I was recently asked how our school had such great success in helping students with special needs learn at high levels and how, as a PLC school, we work collaboratively to achieve unprecedented learning results. The following are some key steps our staff have taken to ensure students who are working below grade level, regardless of disability, become successful learners.
- We find the greatest level of success, with over 90 percent of students with special needs meeting state standards, when we mainstream all students nearly the whole day and for all core subject areas. Any student, including our lowest-performing students with special needs and students who take the alternative state assessment, receive targeted literacy interventions on a daily basis. The structure for those intervention classes is to preteach the core curriculum and align the instruction to the general education language arts essential outcomes. This daily class usually replaces an elective class for our students.

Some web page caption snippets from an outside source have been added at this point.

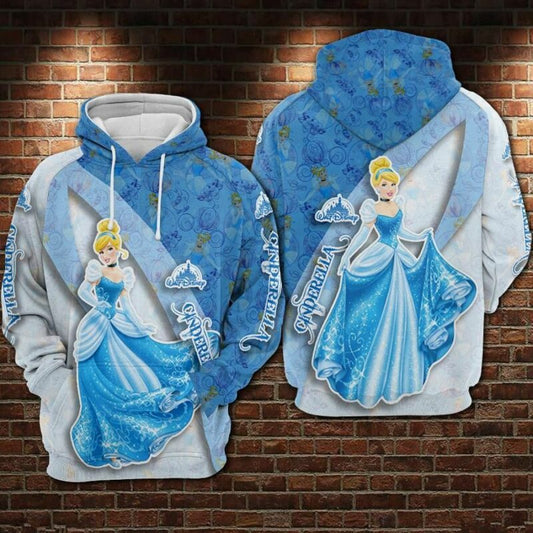 Cinderella Movies Disney Over Print 3d Hoodie Zip Hoodie Moonbestprint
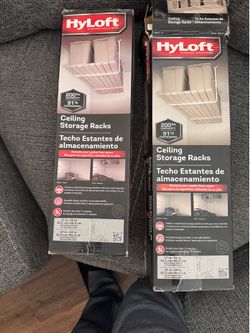 Ceiling storage racks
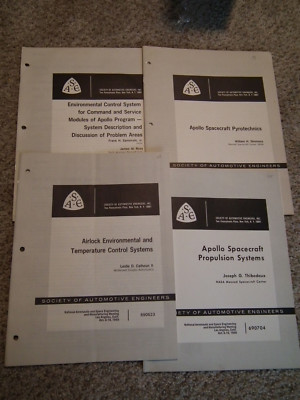 ***APOLLO TECHNICAL MANUAL/ 16 AMAZING PUBLICATIONS BY SOCIETY OF AUTOMOTIVE ENG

- Many of our students with special needs also receive a daily resource period, which focuses typically on additional literacy intervention or math intervention. We recognize that some of our students who are furthest behind need even more literacy support. Those students are placed in a social studies class that incorporates extensive fluency/comprehension instruction to further accelerate our students. Many students in this class have what we would typically consider low-incidence disabilities, and through these multiple layers of intervention, are very successful on our state assessments.

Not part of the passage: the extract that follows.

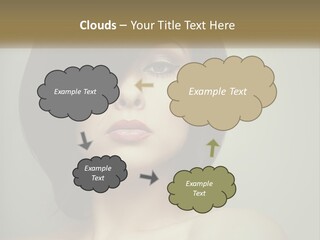 A Beautiful Woman With A Short Bobble Haircut PowerPoint Template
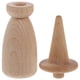 thumbnail image 4 of Figura de madera, muñeco de madera con clavijas, juguete de imitación, muñecos de madera en blanco con clavijas, decoración para mesa de arena, 4 of 8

- Our expectation is that every student who takes the state assessment should take the team and district common assessments with the same accommodations the state assessment allows. Preteaching occurs in both the reading intervention class and the special education resource period. Our students are very successful with this model, in large part due to the high expectations our language arts, reading intervention, and special education teachers have for our students.

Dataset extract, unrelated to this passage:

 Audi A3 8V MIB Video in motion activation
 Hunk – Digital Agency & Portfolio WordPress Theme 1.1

- Our students who qualify for the alternative assessment in Illinois (IAA) also take the common formative assessments. At times, we make modifications and shorten the assessment only for the students who were taking an alternative assessment. In Illinois, this assessment is intended mainly for the lowest 1 percent of all students. By supporting our students who qualify for the alternative assessment with these interventions and by precisely focusing on our essential outcomes during all levels of instruction, our alternatively assessed students are highly successful on our common assessments (with some reteaching needed) and on the state alternative assessment. In fact, 100 percent met or exceeded standards on the state alternative assessment.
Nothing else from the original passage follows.